Die Kugel ist die perfekte Form

Alles strebt zur Form der Kugel, sagt Physiklehrer Witold Staniek. Firmen wissen das.

Die Kugel ist die perfekte Form
Foto: Andreas Woitschützke

Warum formen sich Tropfen zu einer Kugel? Warum ist der Eidotter rund? Warum sind es die Planeten? Witold Staniek, Lehrer für Physik und Mathematik an der Fabry-Realschule in Hilden, weiß die Antwort: „Die Kugel ist die perfekte Form. Jeder Körper sucht nach dem für ihn stabilsten Zustand“, erläutert der Pädagoge. Und könnten alle Körper ihre eigene Form wählen, dann wären sie eine Kugel. Darin steckt vielleicht ein wenig Trost für genussfreudige Menschen, die ein paar Pfunde zuviel auf die Waage bringen: Eigentlich nähern sie sich nur der perfekten Form an.

Das ist das Besondere an der Kugel: „Sie hat die kleinste Oberfläche im Vergleich zum vorgegebenen Volumen“, erläutert Staniek. Damit ist sie auch am stabilsten. Das zeigt sich beispielsweise bei einem Hühnerei.

Nicht gerade eine perfekt geformte Kugel, aber das Ei weist trotz seiner eigenwilligen Form eine ähnliche Stabilität wie eine Kugel auf: Wer versucht, ein rohes Ei in seiner Hand zu zerdrücken, wird schnell aufgeben. Obwohl die Schale nur rund 0,4 Millimeter dick ist, bietet sie in ihrer gebogenen Form doch enormen Widerstand. Kugeln sind, mathematisch gesehen, Alleskönner. „Sie können in alle Richtungen rotieren, haben unendlich viele Symmetrieachsen. Es wird beim Rollen keine Richtung bevorzugt. Es ist alles möglich“, erläutert Staniek.

Diese Eigenschaften macht sich auch die Industrie zunutze. So zum Beispiel der Multitechnologiekonzern 3M, dessen größtes europäisches Werk in Hilden ansässig ist.
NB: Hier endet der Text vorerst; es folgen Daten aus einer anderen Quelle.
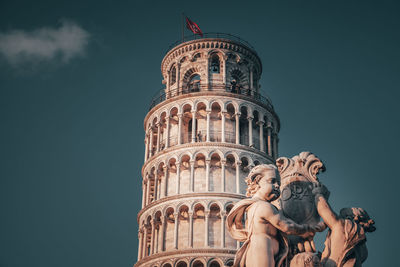 Low angle view of statue against sky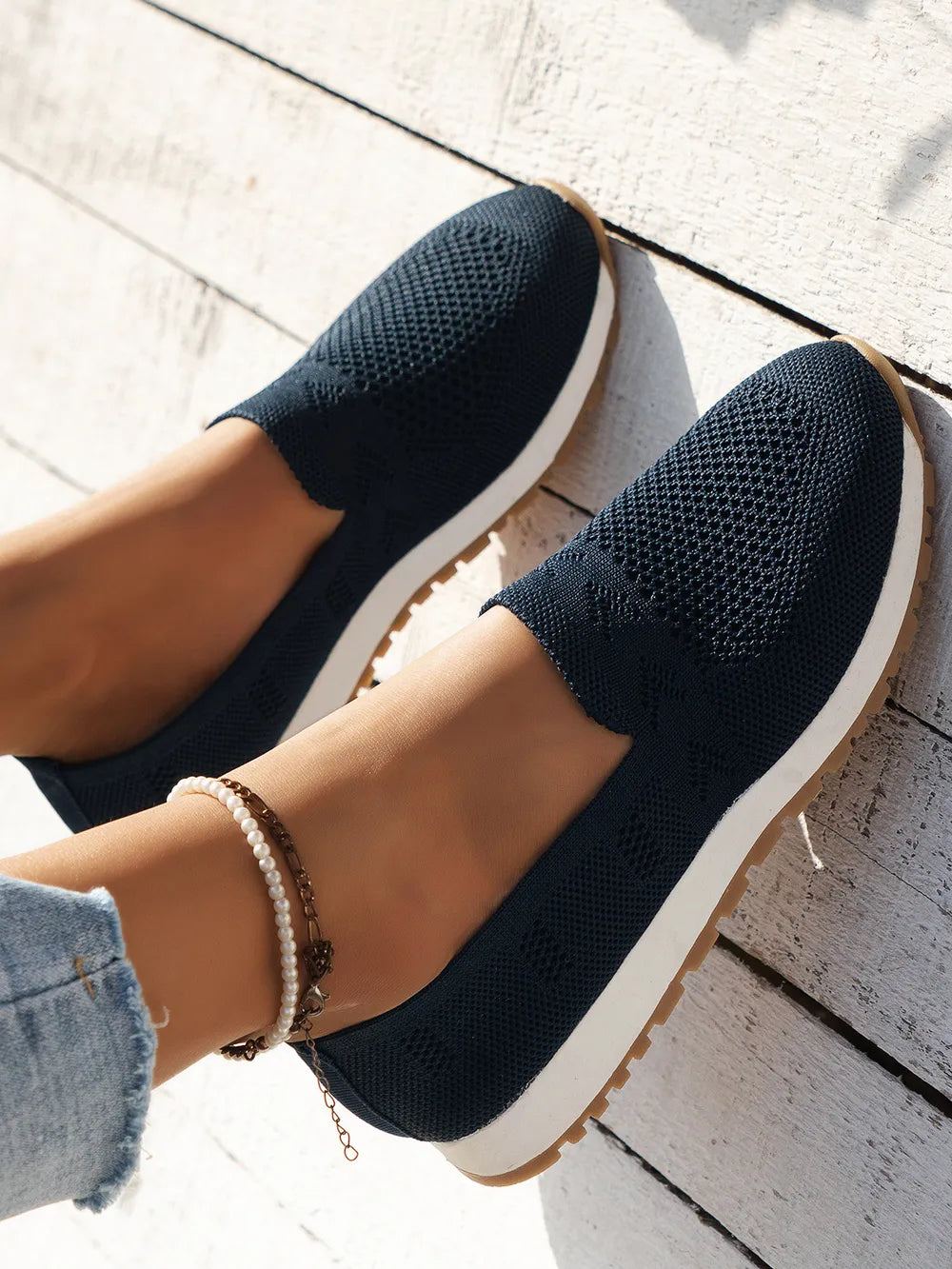 Dark navy breathable knit slip-on sneakers with white soles and a gum outsole.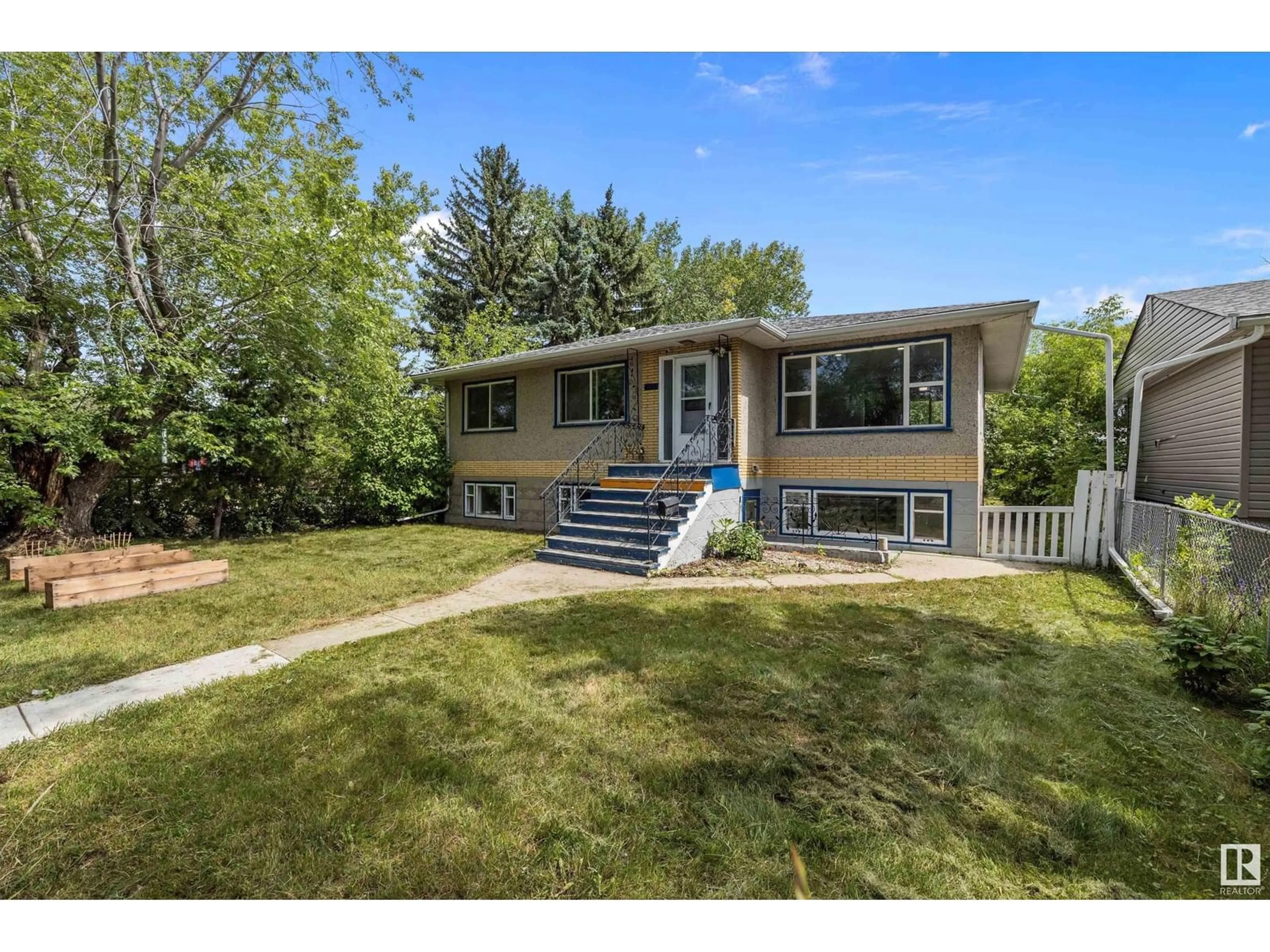 Home with vinyl exterior material, street for 12827 125 ST, Edmonton Alberta T5L0V1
So stellt die Firma 3M unter anderem Glashohlkugeln her, so genannte „Glass Bubbles“. Wirtschaftsingenieur Marcel Döring, zuständig für die Applikationsentwicklung und technische Beratung, hält ein Gefäß mit einem weißen Pulver in der Hand. Doch das Pulver sind in Wirklichkeit Glashohlkugeln mit einem Durchmesser von jeweils 65 Mikrometer. Ein menschliches Haar hat im Schnitt einen Durchmesser von rund 50 Mikrometern.
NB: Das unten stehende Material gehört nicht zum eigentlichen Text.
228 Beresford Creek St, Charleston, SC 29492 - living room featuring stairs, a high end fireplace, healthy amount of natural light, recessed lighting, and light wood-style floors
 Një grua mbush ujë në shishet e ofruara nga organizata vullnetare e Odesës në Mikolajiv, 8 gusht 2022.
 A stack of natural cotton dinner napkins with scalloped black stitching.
Die hohlen Kügelchen von 3M sind in vielen Produkten zu finden. „Sie werden häufig genutzt, um Gewicht zu reduzieren“, erläutert Döring.

So werden die „Glass Bubbles“ beispielsweise in Kunststoffe und Klebstoffe gemengt. Damit ausgestattet sind Autos oder Flugzeuge gleich ein wenig leichter. Das senkt den Spritverbrauch, ist also eine ökologisch runde Sache. Zugleich erzielen die Kügelchen in Wandfarben gemischt eine isolierende Wirkung und vermeiden so die Bildung von Kondenswasser. So kann sich kein Schimmel bilden.

Doch warum sind es Glaskugeln und nicht Würfelchen oder Pyramiden? „Würfel würden schneller zu einem Viskositätsanstieg führen“, sagt Döring. Mit Viskosität ist die Zähflüssigkeit gemeint. Sind einer Flüssigkeit Kügelchen statt Würfel beigemengt, bleibt sie flüssiger und ist damit länger streich- und verarbeitungsfähig als bei anderen geometrischen Formen. Zudem gebe es dank der Kügelchen weniger Rissbildung, „man muss nicht so viel nacharbeiten“, sagt der Wirtschaftsingenieur.